◆ **Exercise goal**:
Write out exactly, excluding pictures, the lines from the one containing "<p>Aa Gym selalu" through the end of the data, both included.

Top of Records for the task

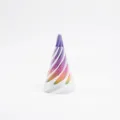 Detailansicht eines 3D-gedruckten Spiral-Fidget-Spielzeugs mit Regenbogen-PLA-Farbverlauf - PLA Weiß + Regenbogen Nr. 1
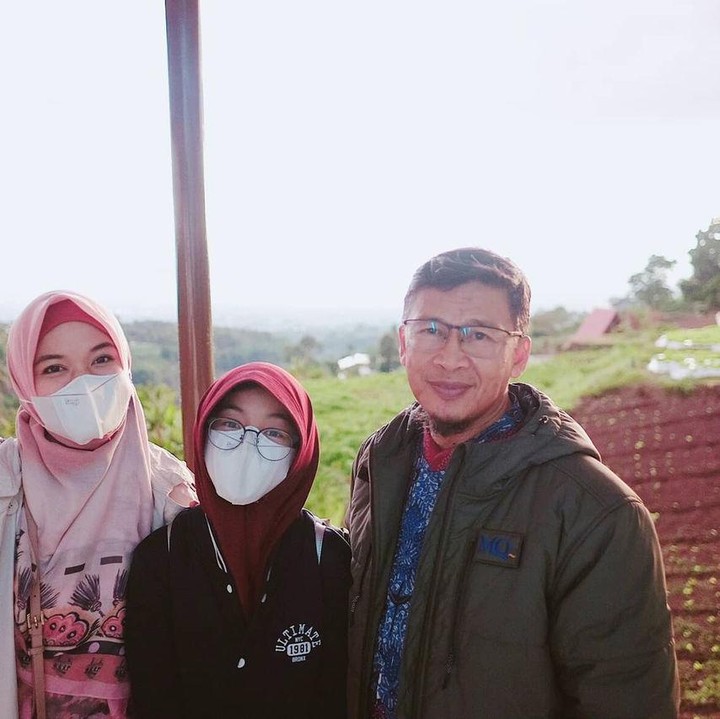 <p>Aa Gym selalu menyempatkan diri untuk menghabiskan waktu dengan putri sulungnya. Ghaida yang sudah berkeluarga tak segan menampilkan potret kehangatan mereka di Instagram. (Foto: Instagram: @gdaghaida)</p>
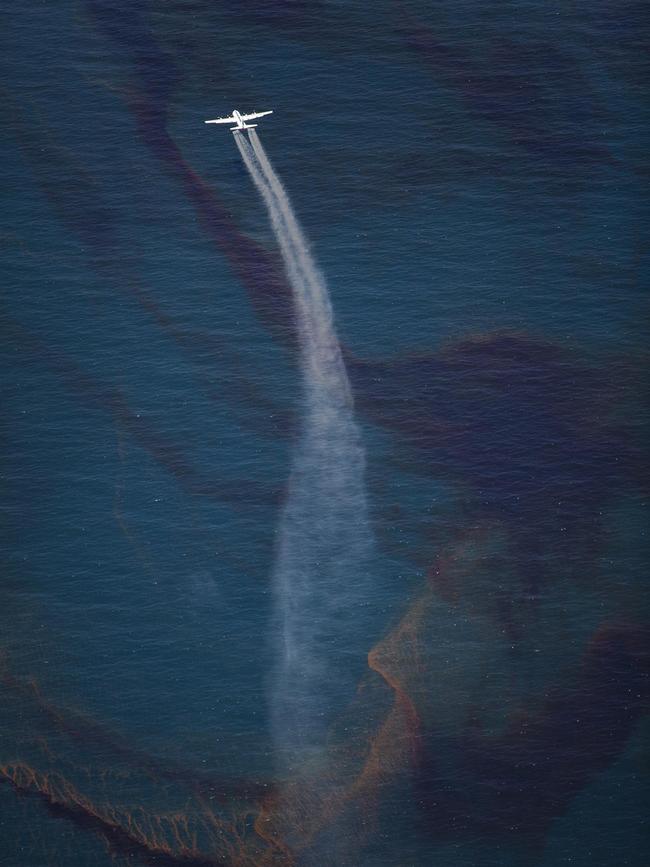 C130 plane spraying dispersant over the oil leaked from the Deepwater Horizon wellhead in the Gulf of Mexico. Credit: Daniel Beltrá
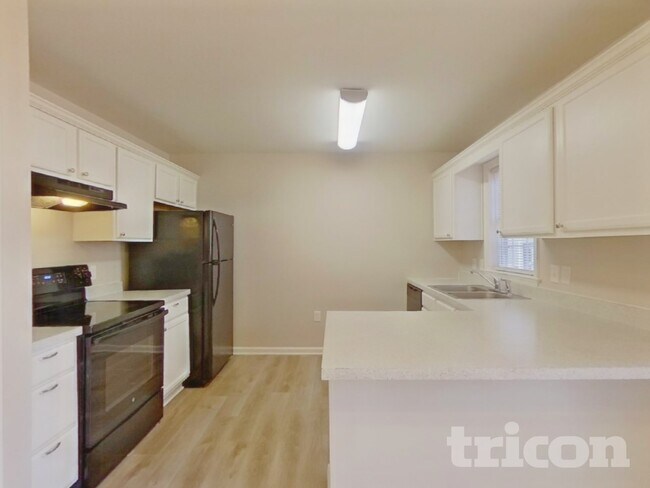 Building Photo - 7120 Idlewild Brook Ln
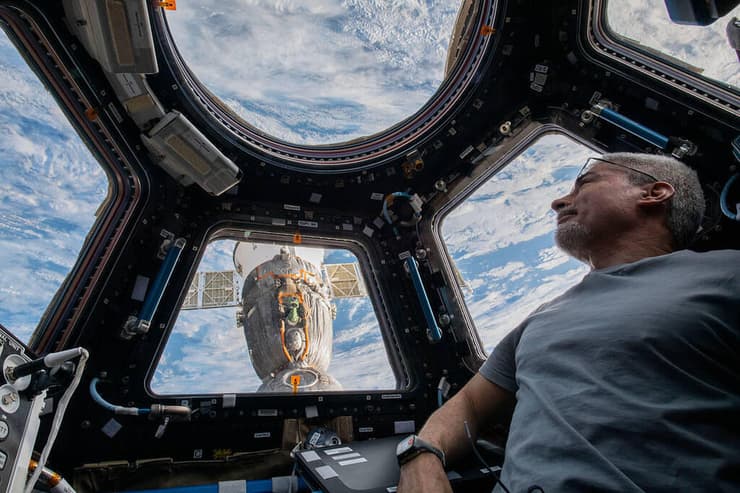 מארק ונדה היי מביט מחלון תחנת החלל בחודש שעבר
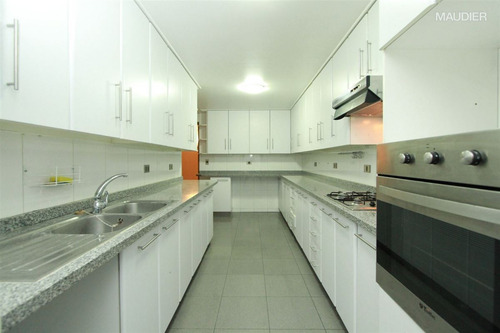 Departamento En Venta De 3 Dorm. En Las Condes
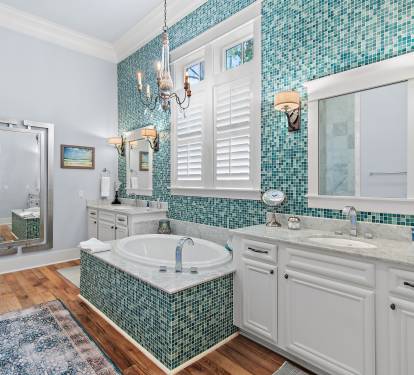 Soaking tub and large walk-in shower in master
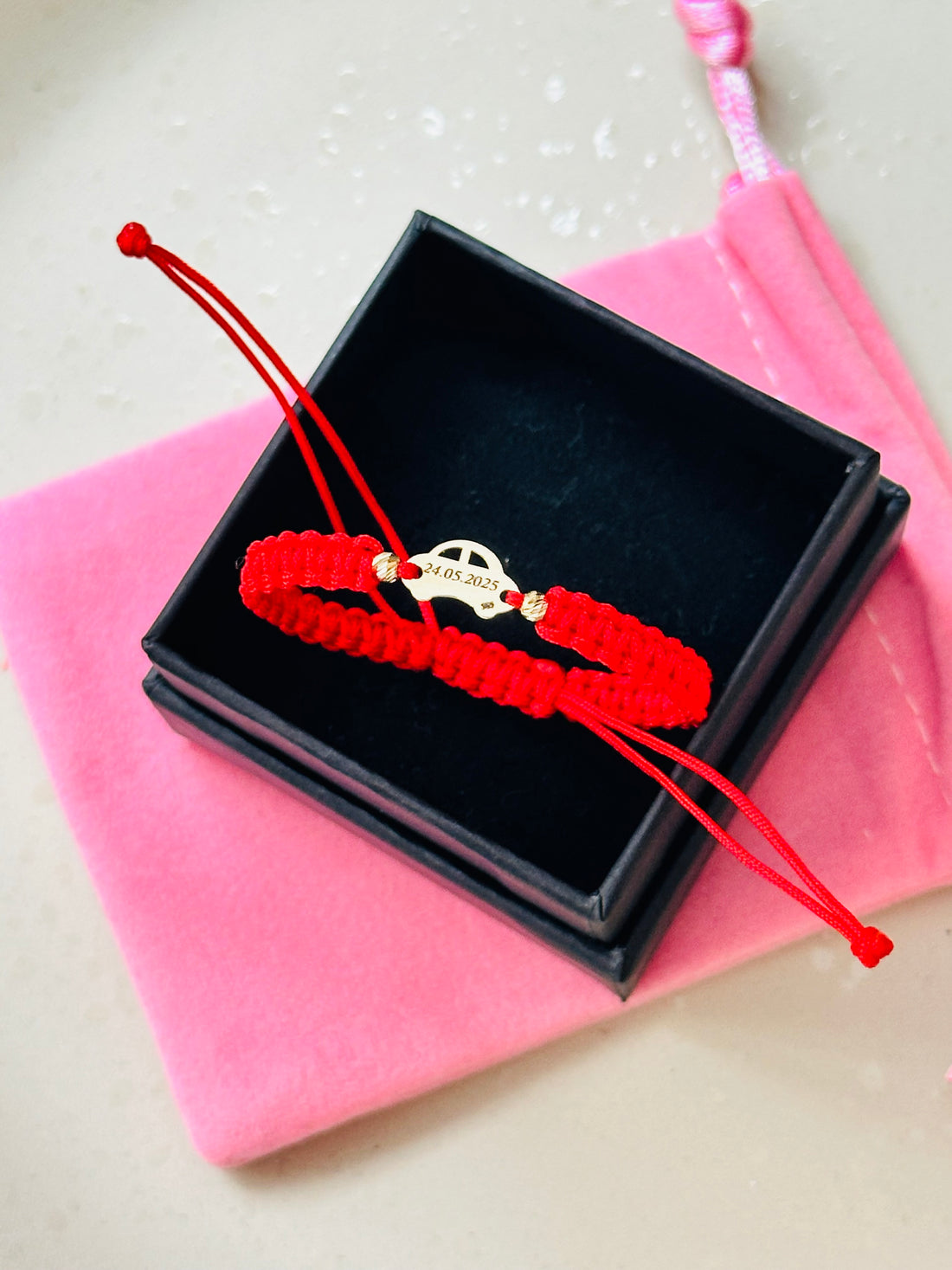 Engraved car bracelet +2 beads 2.5mm - 14ct Gold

Bottom of Records for the task

◆ **Final answer**:
 <p>Aa Gym selalu menyempatkan diri untuk menghabiskan waktu dengan putri sulungnya. Ghaida yang sudah berkeluarga tak segan menampilkan potret kehangatan mereka di Instagram. (Foto: Instagram: @gdaghaida)</p>
 C130 plane spraying dispersant over the oil leaked from the Deepwater Horizon wellhead in the Gulf of Mexico. Credit: Daniel Beltrá
 Building Photo - 7120 Idlewild Brook Ln
 מארק ונדה היי מביט מחלון תחנת החלל בחודש שעבר
 Departamento En Venta De 3 Dorm. En Las Condes
 Soaking tub and large walk-in shower in master
 Engraved car bracelet +2 beads 2.5mm - 14ct Gold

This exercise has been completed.